Della profetessa Anna (“grazia”) si dice che è della tribù di Aser (che vuol dire “beato, felice”) e che è figlia di Fanuel, nome che significa “volto di Dio”. Questi nomi evocano una benedizione divina che solo apparentemente sembra smentita dalla condizione di vedovanza di Anna. Questa condizione è un richiamo alla situazione di mancanza e di povertà del popolo dopo l’esilio ed esprime l’attesa della venuta dello sposo, che in tutta la bibbia è un’immagine forte per parlare di Dio.

Ancora un particolare ci colpisce. Nel comporre il parallelismo tra il Battista e Gesù, Luca aveva richiamato la profezia di Malachia per descrivere Giovanni come colui che “camminerà innanzi al Signore con lo spirito e la potenza di Elia” (1,17; cfr. Ml 3,23-24) prima che venga il giorno grande e terribile. Egli è compreso  come il messaggero inviato a preparare la via, perché “subito entrerà nel suo tempio il Signore” (interpretato come Dio o il suo Messia; cfr. Ml 3,1).
Luca costruisce la scena del primo ingresso di Gesù al tempio senza riportare una scena corrispondente relativa a Giovanni, evocando in tal modo la pagina di Malachia. Così facendo crea un contrasto stridente tra quella venuta terribile, a cui nessuno potrà resistere, perché sarà come il fuoco del fonditore e la lisciva del lavandaio (cfr. Ml 3,1-5) e questo ingresso nel tempio, così discreto e pacifico, di un bimbo portato in braccio da fedeli osservanti, di un figlio di poveri che offrono solo due colombe.

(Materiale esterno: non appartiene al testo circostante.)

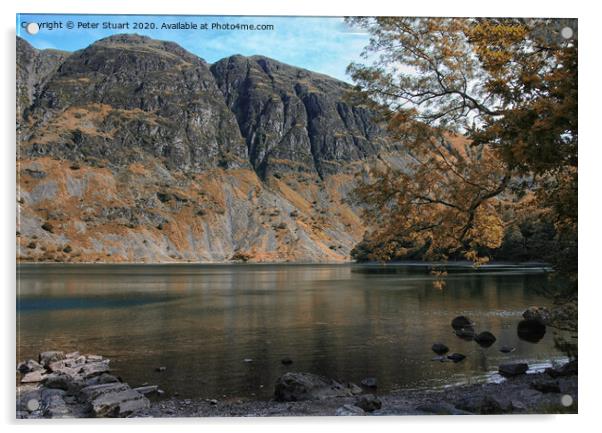 The Wasdale Screes and Raven Crag in the wasdale Valley Acrylic by Peter Stuart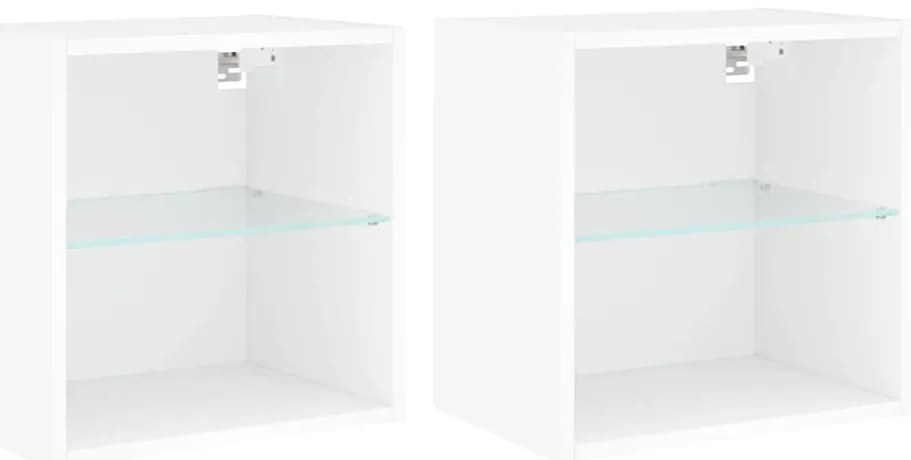 vidaXL Κομοδίνα Επιτοίχια με Φώτα LED 2 Τεμ. Λευκά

Nella scena della presentazione al tempio è come anticipato simbolicamente lo stile di vita di Gesù. Egli è un figlio di poveri, un essere marginale come tutti i bambini di quel tempo, ancora incapace di parlare, nel quale tuttavia due anziani riconoscono la salvezza che viene da Dio. Questo è immagine dell’agire stesso di Dio, che sempre si fa conoscere attraverso persone marginali, troppo giovani come Geremia, dimenticate nei campi come Davide, balbuziente come Mosè. Dio irrompe nella storia attraverso ciò che è inadeguato, piccolo, povero, non attraverso manifestazioni di potenza. E’ la logica del Regno, che sarà il cuore della predicazione di Gesù. Colui che sarà il grande portavoce di Dio entra nel tempio come un bambino, figlio di poveri.

Anche questo racconto che, come quello della nascita, sembra descrivere l’irrompere irresistibile della luce, l’ingresso strabiliante di Gesù nella storia, si conclude in maniera discreta, con il ritorno alla vita ordinaria e semplice di Nazaret, lontano dai fasti del tempio e di Gerusalemme. Sì, perché è nel quotidiano che Gesù va riconosciuto e preso tra le braccia. E’ nell’ordinaria e silenziosa vita di Nazaret che la luce può alimentarsi, il seme crescere e fruttificare, come anche Gesù è cresciuto in età, sapienza e grazia, diventando quello che i discepoli hanno poi riconosciuto, seguito e testimoniato.
Come Simeone e Anna, anche noi siamo invitati a riconoscere oggi, in segni piccoli e umili, i sentieri che portano a Dio e a muoverci seguendo ogni giorno quelle tracce, e non i nostri bisogni di trionfalismo, rimanendo fedeli alla via che Gesù ci ha tracciato incominciando dai giorni semplici di  Nazaret.